# Tiny white mite looking things???



## John D. Smith (Mar 17, 2003)

I was cleaning some frames today and under the wedges (along with some wax moth worms!) were these tiny little white bugs. They looked like head lice and were about that size (or the size I asssume head lice are). They weren't Varroa, I had those last year. They were about the size of a period with a brownish head. I've never seen them before, nor have I read about them. Any guesses?


----------



## Michael Bush (Aug 2, 2002)

So they are about the size and shape of a varroa but white? Could they be juvenile varroa that haven't develped that red shell yet?


----------



## John D. Smith (Mar 17, 2003)

No, they were much smaller.

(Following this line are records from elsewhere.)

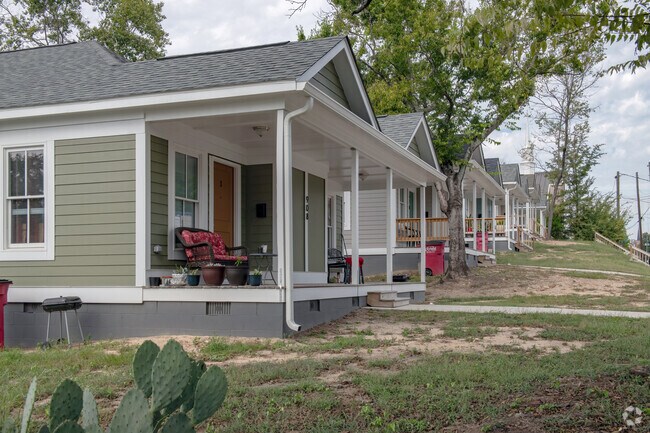 A neat row of new homes is pleasantly poised on the hill of Bealls Hill Historic District.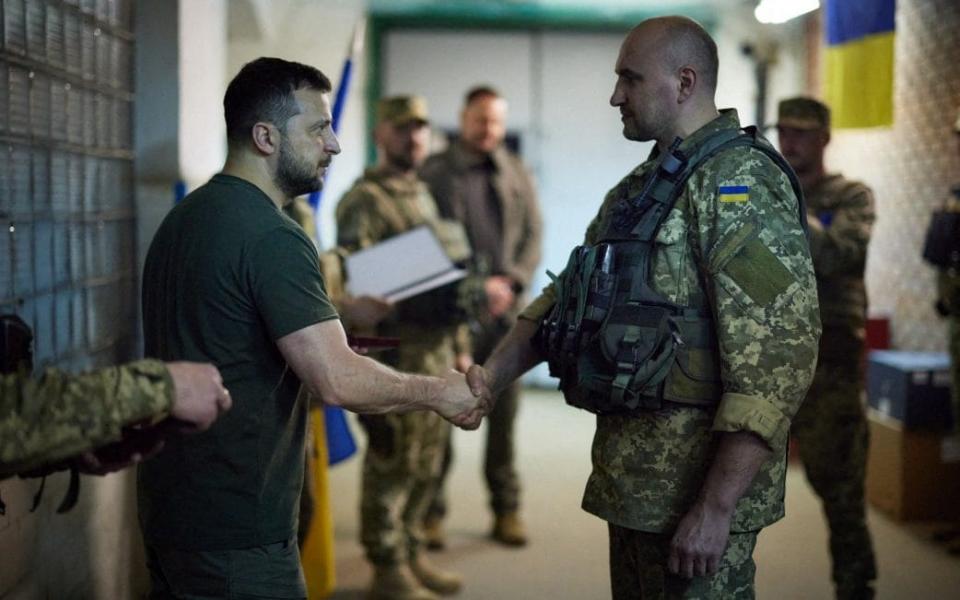 Ukrainian President Volodymyr Zelensky shakes hands with a Ukrainian serviceman during his visit to the frontline positions of the army in Bakhmut and Lysychansk districts, on June 6, 2022. - Ukrainian Presidential Press Service/AFP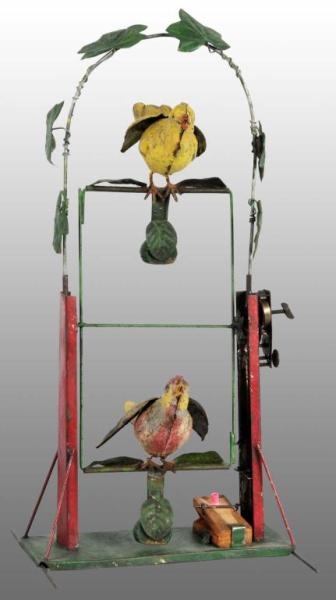 TIN HAND-PAINTED DOUBLE BIRD SWING WIND-UP TOY.   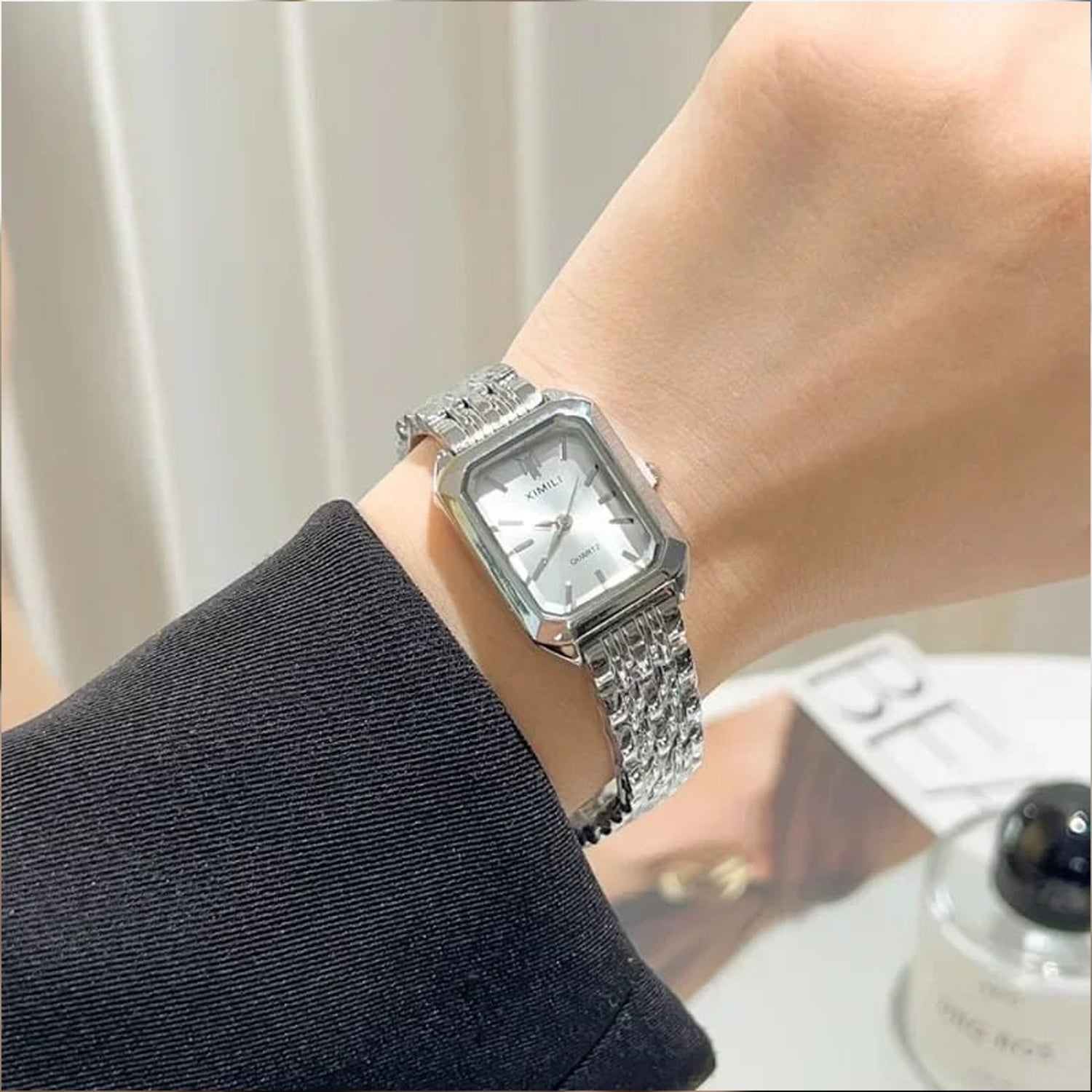 fashionable luxury quartz wristwatch designed for women, featuring a distinctive square case and a sleek silver-tone metal alloy strap.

They were a little larger than a period at the end of a sentence. I looked up head lice and these things looked structurally more like a termite than a louse.


----------



## John D. Smith (Mar 17, 2003)

When I say they were under the wedges of the frames, I mean they were sealed under the wedges. When I pryed the wedge up to put new foundation in, these things were living under the wedge in the tunnels and debris of the wax moth larvae. Could these things be a wax moth parasite? Maybe they eat wood/crap and just happen to be inside a bee hive. They remind me of those bugs you find in old books at the library.


----------



## Michael Bush (Aug 2, 2002)

Are they more long like a louse (singular of lice) or round like a mite?


----------



## mark williams (Jan 19, 2003)

wax moth is a little worm,could it be termites?,does it have leg's if so it's not wax moth.


----------



## John D. Smith (Mar 17, 2003)

It without question is not a varroa mite or a wax moth larvae. They were so small that I couldn't count the legs to see if it was an insect or an arachnid. I should have collected a sample for identification. My first response was to kill them. I didn't want them on me or in my hives. They were too small to be a termite and didn't have the same structure i.e. big head. They did resemble a termite in the nymph stage, but again they were very very smal, white oval body with a brown detached head which was smaller than the body. I'm sure other frames have them, but I don't want to wreck one just to look under the wedge, but I might.


----------



## Robert Brenchley (Apr 23, 2000)

My guess - and it is only that - is that they may well be harmless mites which feed on detritus in the hive. I get them in mine, and i don't worry. In a natural hive, you'd expect to find small scavengers; we probably kill most of them off as a side-effect of mite treatments.


----------